But rest isn’t a luxury.
It’s not a reward for productivity.
It’s a requirement for wellness.
The discomfort you feel when you slow down isn’t laziness—it’s detox. It’s the ache of unlearning. Because somewhere along the way, we were taught that exhaustion was noble. That being burnt out meant we were doing something right. That stillness was selfish. That if you stopped, you’d be forgotten.
But what if rest is the portal?
What if the clarity you’ve been praying for lives on the other side of silence?
What if your next breakthrough isn’t in what you do, but in what you release?
So many of us are unknowingly depriving ourselves of the very thing that could change everything. And rest doesn’t just look like naps or soft music and candles. Rest is honoring your boundaries. Saying no without guilt. Declining what depletes you. It’s the sacred pause that gives your body and spirit room to catch up with your heart.
It’s the inner permission to be—not constantly prove. And yes, some days it’s still hard. I fidget. I overthink. I reach for something to fix. Something to finish.
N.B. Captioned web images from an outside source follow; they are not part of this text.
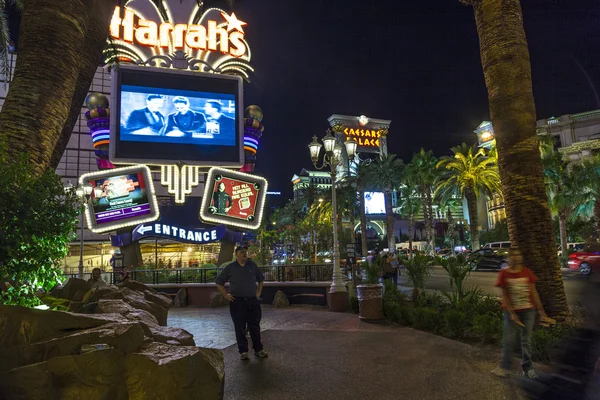 Entrée de Harrahs casino et hôtel à Las Vegas la nuit — Photo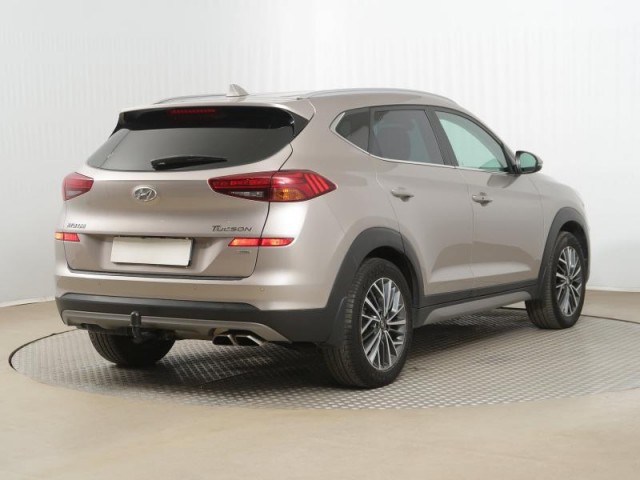 Hyundai Tucson  2.0 CRDi 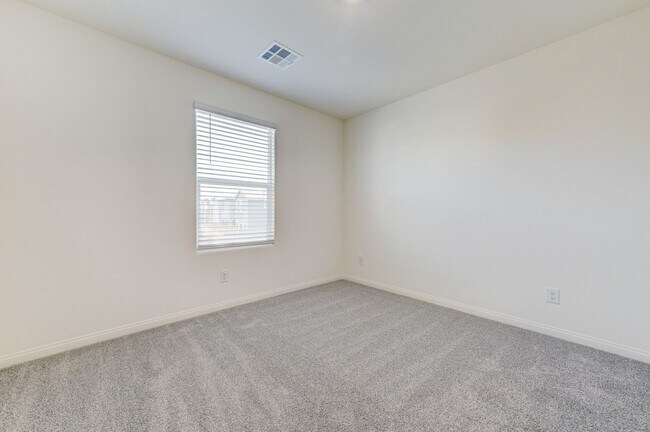 Building Photo - Newly Built 4 bedrooms in Cadence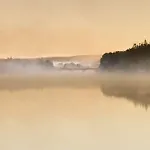 The Avon Отель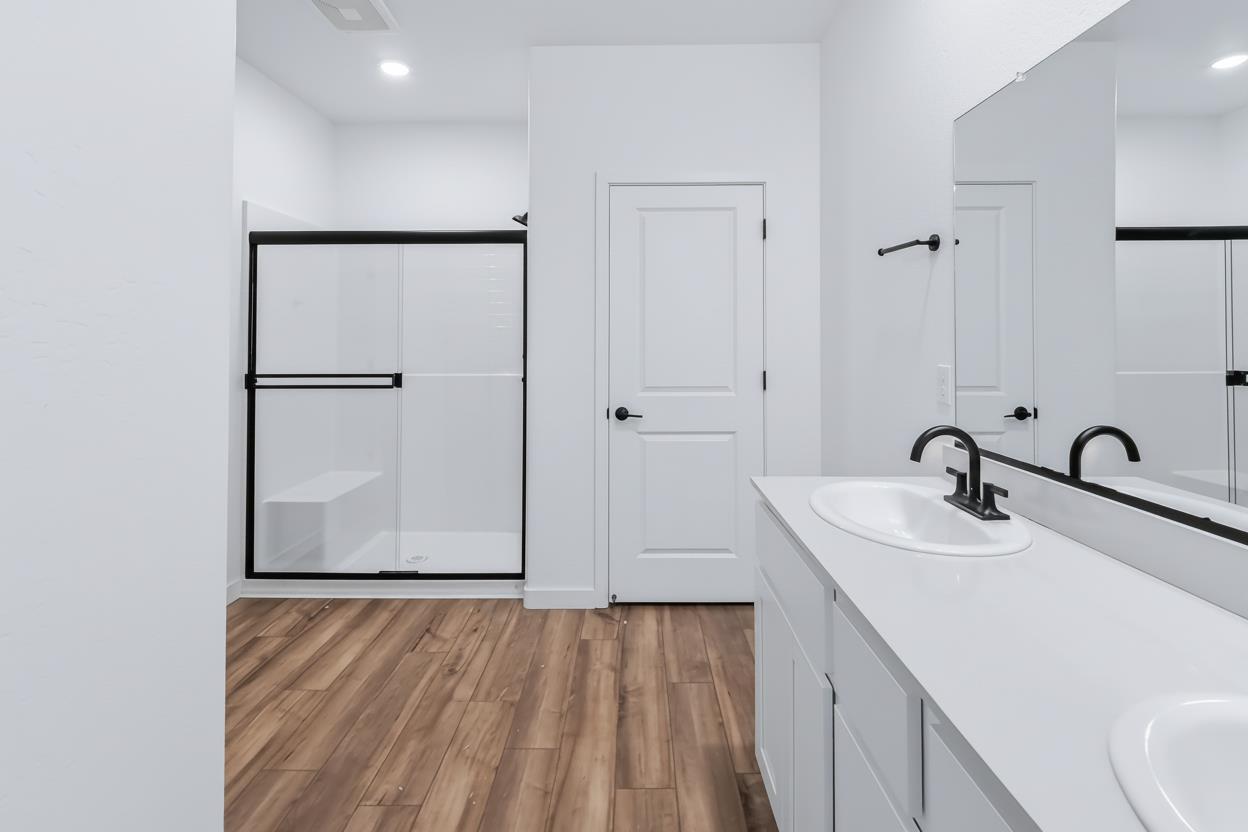 617 Victoria Ave #201, Chowchilla, CA 93610
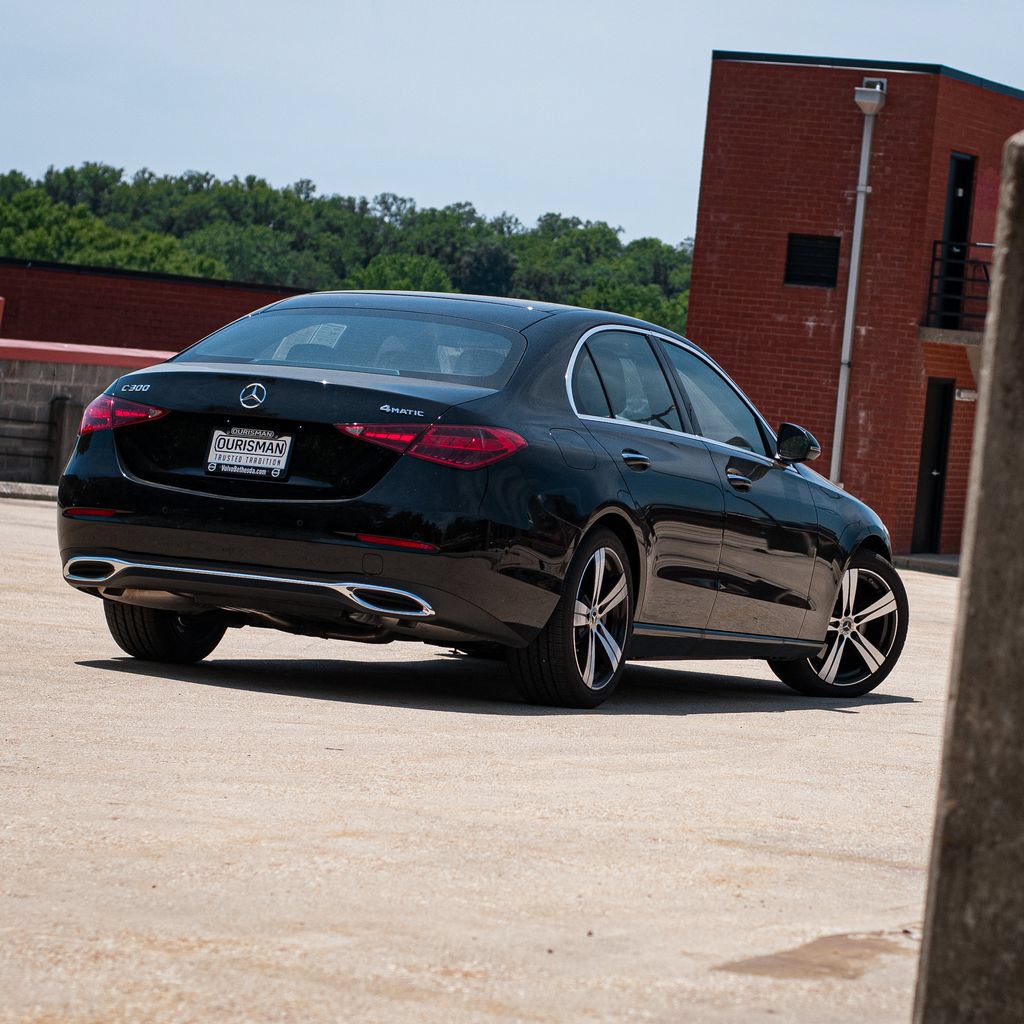 Used 2025 Mercedes-Benz C 300 4MATIC Sedan image 6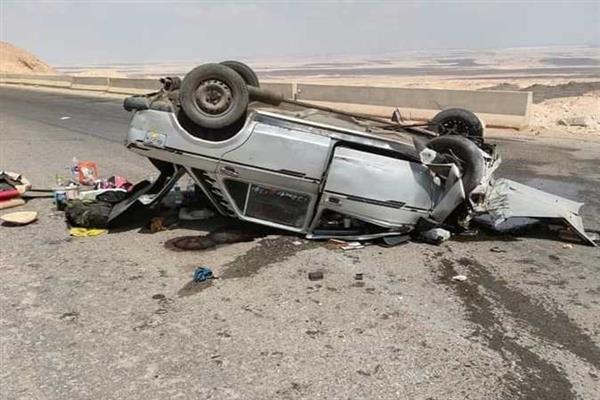 إصابة 5 أشخاص فى حادث انقلاب سيارة ملاكى بـ صحراوى البحيرة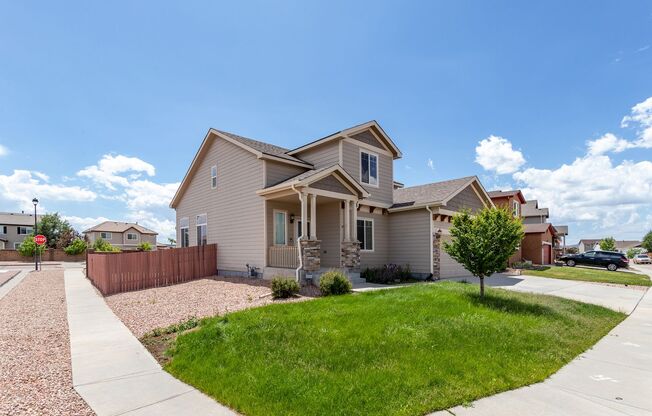 Spacious 5-Bedroom Home with Finished Basement!!!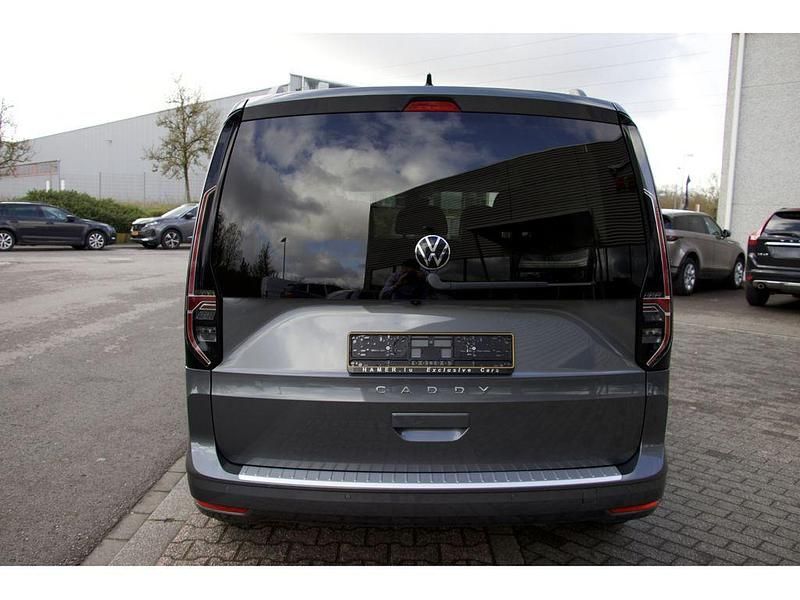 Gebraucht VW Caddy Life 116 PS (85 kW) 2024 Grau Van / Kleinbus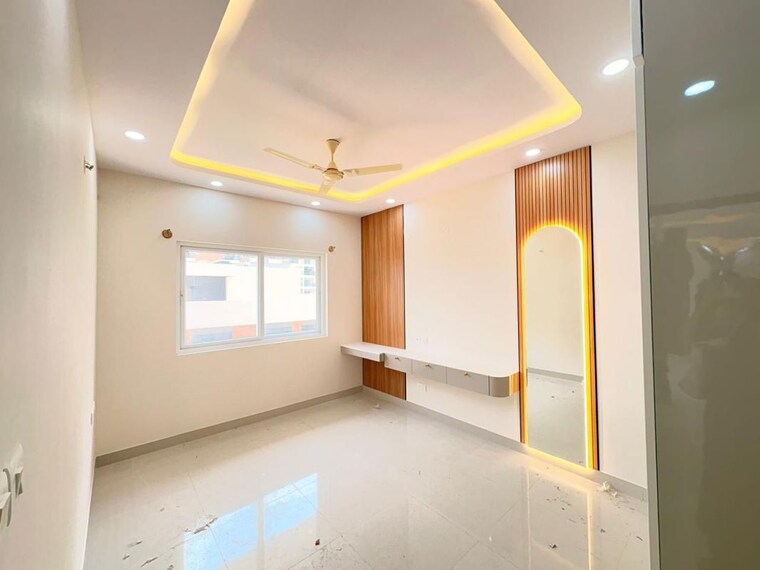 Room, adarsh-greens 5 Bedroom 2000 Sq.Ft. Apartment In Kogilu Bangalore 10476898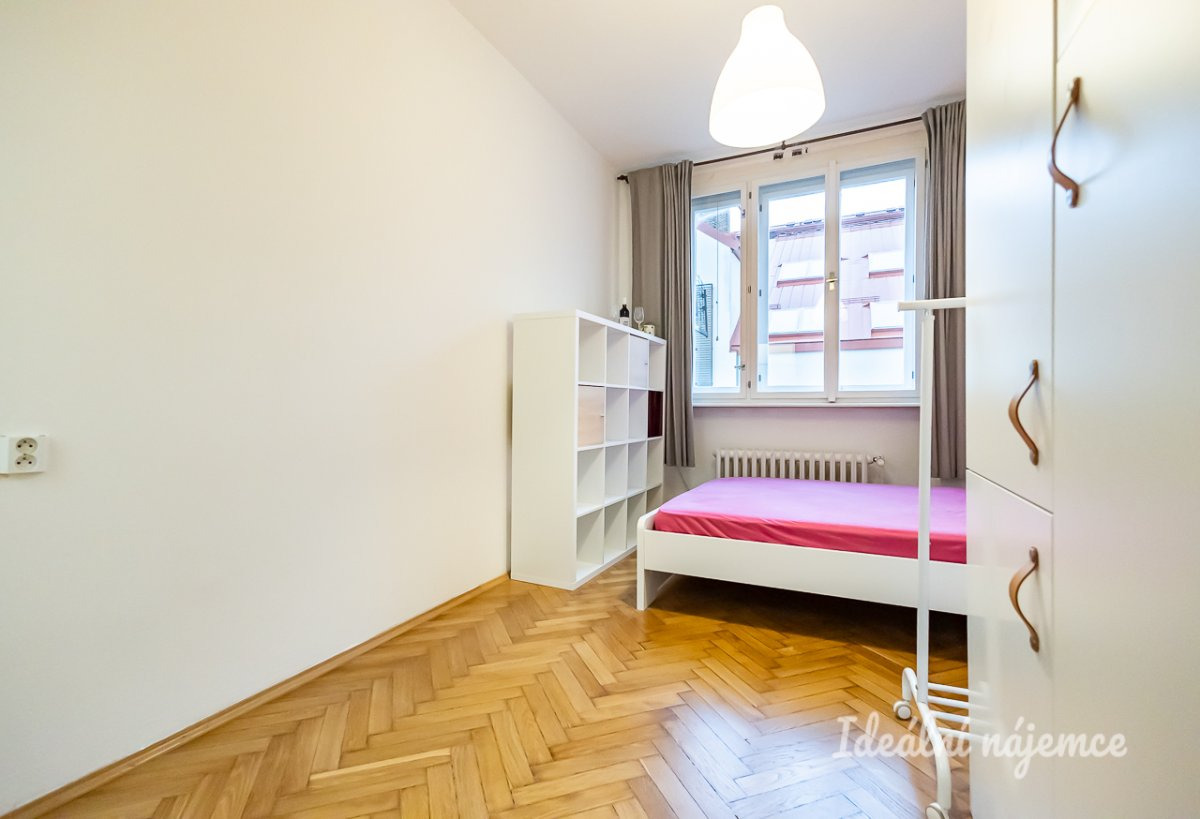 Pronájem bytu 1+kk, Sobotecká, 15 900 Kč/měs, Vinohrady,   18 m2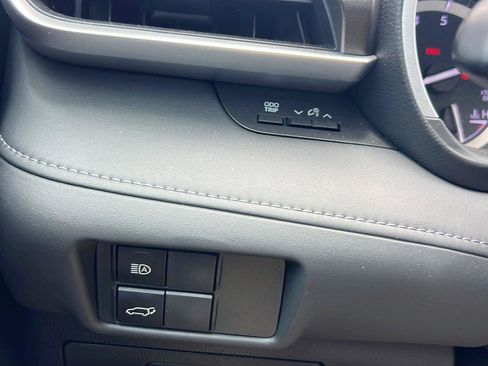 Used 2022 Toyota Highlander XLE AWD/4WD image 17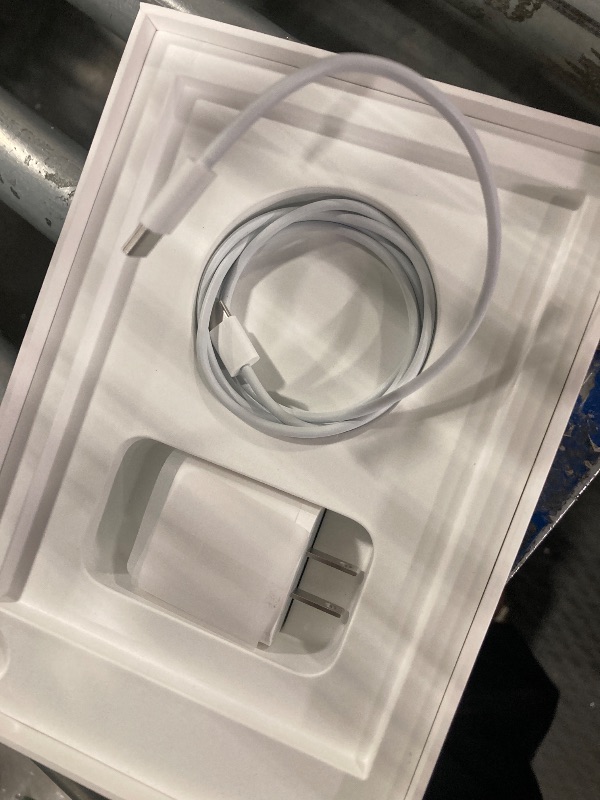 Photo 1 of Apple iPad Mini (6th Generation): A15 Bionic, 8.3-inch Liquid Retina Display, 256GB, Wi-Fi 6, 12MP front/12MP Back Camera, Touch ID, All-Day Battery Life – Starlight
But then I breathe—and I remember:
I am not lazy for needing restoration.
I am human for needing rest.
So if you’ve been feeling the urge to slow down but guilt keeps creeping in—let this be your permission slip.
You are allowed to take a break.
You are allowed to be tired.
You are allowed to do less and still be worthy of love, peace, and softness.
Because you are only as good to the world as you are to yourself.
And being good to yourself starts with rest.
With all my love, I pray this helps.